Grup kimliğini aşan, hak ve hukuk temelli, kapsayıcı bir sadakat rejiminden yoksunuz. Aile, cemaat, parti gibi toplumsal ve siyasal kimliklere, gruplara duyulan sadakat, toplumun büyük bir kesimi için ne yazık ki hak ve hukuktan, etik ve ahlaktan önce geliyor. Başkalarının acılarına ve sorunlarına karşı duyarsızlık; çoğu zaman bu grupların maruz kaldıkları haksızlıkları, şiddeti hak ettikleri yönündeki algı ve tutumlar; sadece kendi mahallesinin dertlerini dert edinme; bu dertlere bile kapsayıcı bir hak ve hukuktan ziyade grup kimliğiyle bakma hali ne yazık ki sağdan sola, hükümetten muhalefete siyasetin ve toplumun çoğunluğuna hakim. Sadakat duyduğumuz grubun aile değil de cemaat olması ya da parti olması büyük bir fark yaratmıyor ne yazık.
Güçlü lider kültü bu sadakat rejimlerinin yansımalarından biri örneğin. Toplum olarak lider-seviciyiz. Toplumsal sorunlarımızı üyelerinin kabul ettiği formel ya da enformel ortak kurallarla, yani kurumlarla çözmektense kişisel karizmalarına kapıldığımız, kişisel güç atfettiğimiz liderlerle çözmeyi arzuluyoruz. Bu lider-sevicilik en fazla siyasi gruplaşmalarda kendisini dışa vuruyor. Bununla birlikte onlarla sınırlı değil. Evlerdeki güçlü baba figüründen birkaç milyonu bulan başkanlara sahip olmamız, bu statüleri kıymetlendirmemiz bir yönüyle her yerde lider aramamızla ilgili.

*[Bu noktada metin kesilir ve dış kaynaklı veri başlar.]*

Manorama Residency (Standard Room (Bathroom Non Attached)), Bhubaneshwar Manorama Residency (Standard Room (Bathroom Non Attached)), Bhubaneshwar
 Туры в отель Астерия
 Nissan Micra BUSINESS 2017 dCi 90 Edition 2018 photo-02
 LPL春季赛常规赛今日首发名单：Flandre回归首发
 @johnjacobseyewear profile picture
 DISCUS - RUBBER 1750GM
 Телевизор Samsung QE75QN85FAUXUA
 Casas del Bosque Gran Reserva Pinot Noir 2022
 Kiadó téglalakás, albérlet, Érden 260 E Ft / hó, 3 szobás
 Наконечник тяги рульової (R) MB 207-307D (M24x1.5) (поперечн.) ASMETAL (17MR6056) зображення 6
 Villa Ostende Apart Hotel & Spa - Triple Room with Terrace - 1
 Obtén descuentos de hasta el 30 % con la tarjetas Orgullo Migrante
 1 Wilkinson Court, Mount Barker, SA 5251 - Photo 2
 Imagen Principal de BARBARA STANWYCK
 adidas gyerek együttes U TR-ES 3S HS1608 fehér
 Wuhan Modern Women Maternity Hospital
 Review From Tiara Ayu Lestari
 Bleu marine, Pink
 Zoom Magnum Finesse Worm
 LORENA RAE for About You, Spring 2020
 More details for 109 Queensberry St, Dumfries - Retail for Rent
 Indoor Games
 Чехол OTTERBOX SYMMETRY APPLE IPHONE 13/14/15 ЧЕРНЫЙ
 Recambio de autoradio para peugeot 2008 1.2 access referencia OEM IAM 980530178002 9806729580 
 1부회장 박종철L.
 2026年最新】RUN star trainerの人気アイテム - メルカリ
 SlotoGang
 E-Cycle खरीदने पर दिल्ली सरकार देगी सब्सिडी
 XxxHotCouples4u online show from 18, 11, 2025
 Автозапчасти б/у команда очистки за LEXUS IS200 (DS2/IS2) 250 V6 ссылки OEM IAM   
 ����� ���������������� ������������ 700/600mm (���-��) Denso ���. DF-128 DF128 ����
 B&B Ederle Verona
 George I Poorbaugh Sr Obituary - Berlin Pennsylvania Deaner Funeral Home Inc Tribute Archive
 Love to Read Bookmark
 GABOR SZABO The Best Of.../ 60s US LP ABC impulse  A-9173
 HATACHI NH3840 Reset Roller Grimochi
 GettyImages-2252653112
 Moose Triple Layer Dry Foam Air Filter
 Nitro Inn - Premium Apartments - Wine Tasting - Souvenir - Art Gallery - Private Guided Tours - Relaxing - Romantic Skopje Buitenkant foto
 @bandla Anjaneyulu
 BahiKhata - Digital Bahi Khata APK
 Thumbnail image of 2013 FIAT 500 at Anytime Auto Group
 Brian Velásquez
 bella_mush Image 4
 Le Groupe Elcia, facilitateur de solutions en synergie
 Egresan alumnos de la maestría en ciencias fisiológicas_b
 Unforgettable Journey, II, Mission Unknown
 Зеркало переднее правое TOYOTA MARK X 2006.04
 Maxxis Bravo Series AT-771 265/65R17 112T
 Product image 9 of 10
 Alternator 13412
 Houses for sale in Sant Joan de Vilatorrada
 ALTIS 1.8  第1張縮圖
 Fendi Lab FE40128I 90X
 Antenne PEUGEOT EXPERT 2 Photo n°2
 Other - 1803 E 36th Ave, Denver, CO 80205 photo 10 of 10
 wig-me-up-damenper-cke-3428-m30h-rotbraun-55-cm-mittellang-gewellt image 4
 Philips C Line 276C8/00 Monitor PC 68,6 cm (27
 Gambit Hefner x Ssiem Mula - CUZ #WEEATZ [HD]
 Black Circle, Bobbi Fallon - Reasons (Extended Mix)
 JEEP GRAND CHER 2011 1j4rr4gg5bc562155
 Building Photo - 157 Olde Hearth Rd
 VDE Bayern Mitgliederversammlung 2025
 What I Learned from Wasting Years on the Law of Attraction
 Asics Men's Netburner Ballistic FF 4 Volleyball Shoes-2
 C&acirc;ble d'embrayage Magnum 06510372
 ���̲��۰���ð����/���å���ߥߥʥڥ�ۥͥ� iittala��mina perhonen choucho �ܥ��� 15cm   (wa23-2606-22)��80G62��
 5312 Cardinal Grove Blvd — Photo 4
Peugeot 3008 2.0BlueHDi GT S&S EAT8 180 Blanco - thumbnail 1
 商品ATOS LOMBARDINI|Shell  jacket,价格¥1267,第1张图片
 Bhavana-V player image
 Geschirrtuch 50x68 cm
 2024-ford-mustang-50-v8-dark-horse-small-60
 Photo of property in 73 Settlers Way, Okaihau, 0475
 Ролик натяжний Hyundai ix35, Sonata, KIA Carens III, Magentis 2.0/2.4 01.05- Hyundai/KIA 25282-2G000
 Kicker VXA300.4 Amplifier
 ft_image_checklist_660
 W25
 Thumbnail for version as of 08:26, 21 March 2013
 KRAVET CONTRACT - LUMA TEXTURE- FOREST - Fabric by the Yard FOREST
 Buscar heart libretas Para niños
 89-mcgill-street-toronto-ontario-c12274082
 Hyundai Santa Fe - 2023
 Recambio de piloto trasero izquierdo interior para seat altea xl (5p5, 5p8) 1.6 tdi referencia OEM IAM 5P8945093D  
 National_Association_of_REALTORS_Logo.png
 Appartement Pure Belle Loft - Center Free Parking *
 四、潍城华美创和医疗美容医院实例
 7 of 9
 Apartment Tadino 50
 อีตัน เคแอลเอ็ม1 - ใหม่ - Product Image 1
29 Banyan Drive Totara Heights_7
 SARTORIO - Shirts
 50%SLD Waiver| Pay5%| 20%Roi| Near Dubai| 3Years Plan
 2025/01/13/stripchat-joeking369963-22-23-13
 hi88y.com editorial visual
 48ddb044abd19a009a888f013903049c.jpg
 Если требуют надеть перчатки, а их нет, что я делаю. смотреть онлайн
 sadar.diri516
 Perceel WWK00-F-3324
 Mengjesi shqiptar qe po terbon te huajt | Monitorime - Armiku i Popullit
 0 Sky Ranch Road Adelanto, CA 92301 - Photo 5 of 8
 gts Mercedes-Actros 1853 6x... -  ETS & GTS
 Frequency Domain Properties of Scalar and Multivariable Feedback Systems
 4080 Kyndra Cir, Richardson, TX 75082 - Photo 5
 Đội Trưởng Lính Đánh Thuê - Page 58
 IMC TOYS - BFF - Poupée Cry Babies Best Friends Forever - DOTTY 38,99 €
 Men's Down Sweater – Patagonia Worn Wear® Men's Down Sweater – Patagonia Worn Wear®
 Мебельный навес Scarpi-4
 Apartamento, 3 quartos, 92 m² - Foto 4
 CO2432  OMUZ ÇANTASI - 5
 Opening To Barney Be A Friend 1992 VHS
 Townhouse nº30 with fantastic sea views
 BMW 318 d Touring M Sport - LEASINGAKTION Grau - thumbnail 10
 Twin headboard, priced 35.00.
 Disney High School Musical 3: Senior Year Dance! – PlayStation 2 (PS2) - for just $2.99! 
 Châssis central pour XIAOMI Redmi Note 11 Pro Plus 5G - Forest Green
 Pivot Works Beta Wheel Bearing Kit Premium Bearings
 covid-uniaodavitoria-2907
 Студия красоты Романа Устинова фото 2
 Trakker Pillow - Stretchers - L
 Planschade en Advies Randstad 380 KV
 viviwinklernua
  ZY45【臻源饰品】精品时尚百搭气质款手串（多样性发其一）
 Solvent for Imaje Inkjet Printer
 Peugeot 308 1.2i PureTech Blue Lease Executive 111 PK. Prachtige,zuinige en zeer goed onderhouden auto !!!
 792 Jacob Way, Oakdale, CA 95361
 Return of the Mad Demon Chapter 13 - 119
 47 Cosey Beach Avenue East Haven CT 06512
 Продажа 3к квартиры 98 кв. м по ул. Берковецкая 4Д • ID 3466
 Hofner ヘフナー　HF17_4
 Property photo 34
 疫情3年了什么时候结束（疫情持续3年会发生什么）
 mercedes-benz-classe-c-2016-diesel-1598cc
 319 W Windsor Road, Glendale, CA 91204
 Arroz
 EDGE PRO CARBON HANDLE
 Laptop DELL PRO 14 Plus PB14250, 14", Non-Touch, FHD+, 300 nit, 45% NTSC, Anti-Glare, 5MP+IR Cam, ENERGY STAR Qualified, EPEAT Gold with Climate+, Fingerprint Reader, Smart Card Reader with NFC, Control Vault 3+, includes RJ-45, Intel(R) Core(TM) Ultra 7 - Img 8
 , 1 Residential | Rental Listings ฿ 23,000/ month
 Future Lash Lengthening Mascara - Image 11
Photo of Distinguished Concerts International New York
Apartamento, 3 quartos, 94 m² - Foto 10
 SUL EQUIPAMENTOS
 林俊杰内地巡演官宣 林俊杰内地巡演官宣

Partizanlık herhalde sadakat rejimlerinin en net göründüğü alan. Türkiye toplumu partizan bir toplum. Parti çıkarını koruma adına ortak çıkarlara zarar veren parti hatalarını görmezden gelmeye varan bu tutum toplumsal kutuplaşmanın en önemli nedenlerinden birini oluşturuyor. Diğer siyasi mahallelerle diyalog geliştirmeyi, bağ kurmayı engelliyor. Bu anlamda sadece siyasal alanda değil, ötesi toplumsal alanda da muhafazakârlığı besliyor.
Sivil toplum alanında da güçlü bir partizanlığın olduğu açık. Karma örgütlerin sayılarının azlığı, farklı siyasi mahallelerde bulunan sivil topum aktörleri arasındaki ilişkilerin zayıflığı, ortaklıkların yok denecek kadar az olması da sadakat rejimlerinin bir sonucu. Benzer bir durumun medya ve akademi alanında da olduğu söylenebilir.
Sadakat rejimleri içerisinde hapsolmuş topluluklar olarak yaşamamızın neden olduğu en önemli sorun alanı ise kanaatimce eleştirel aklın gelişmemesi. Neyi konuşup neyi konuşmadığımız, neyi görüp neyi görmediğimiz, neyi duyup neyi duymadığımız sadakat rejimlerimiz tarafından belirleniyor. Bu durum ise eleştirel aklı öldürüyor. Bunun maliyeti ise siyasal ve toplumsal muhafazakârlıktan çok daha ağır. Sadece eğitim alanındaki olumsuz etkilerini hatırlamak, eleştirel aklın kaybının yarattığı gelecek kaybını görmemize yeter.
Sadakat rejimlerinin bir rasyonelitesi var: Güvenlik ihtiyacı ve grup içi öngörülebilirlik. Hem küresel ölçekteki dinamikler hem de Türkiye’deki özgün dinamikler güvensizliği besliyor ve temel ihtiyaçlardan biri olan güvenliğe gereksinimi artırıyor. Güvensizlik algısı ve duygusu büyüdükçe, artan güvenlik ihtiyacı sadakat rejimlerini güçlendiriyor. Ötesi, güven algısı ve duygusuna dayalı sadakat rejimleri üyelerinin davranışlarına ilişkin belirsizliği ortadan kaldırarak, öngörülebilirliği artırıyor. Bu durum da grubu yönetmeyi ve grup kimliğini korumayı kolaylaştırıyor.
Elbette tüm bu hikaye gökten inmiş değil, tarihsel ve sosyal bir inşa. Bu tarihsel ve sosyal inşayı bir bütünen anlayıp yüzleşmediğimiz; grup sadakatlerini aşan hak ve hukuk temelli formel ve enformel kuralları, yani kurumları inşa edemediğimiz sürece bu ülkede çocuklarımızı ölümden, bebeklerimizi tacizden koruyamayacağız.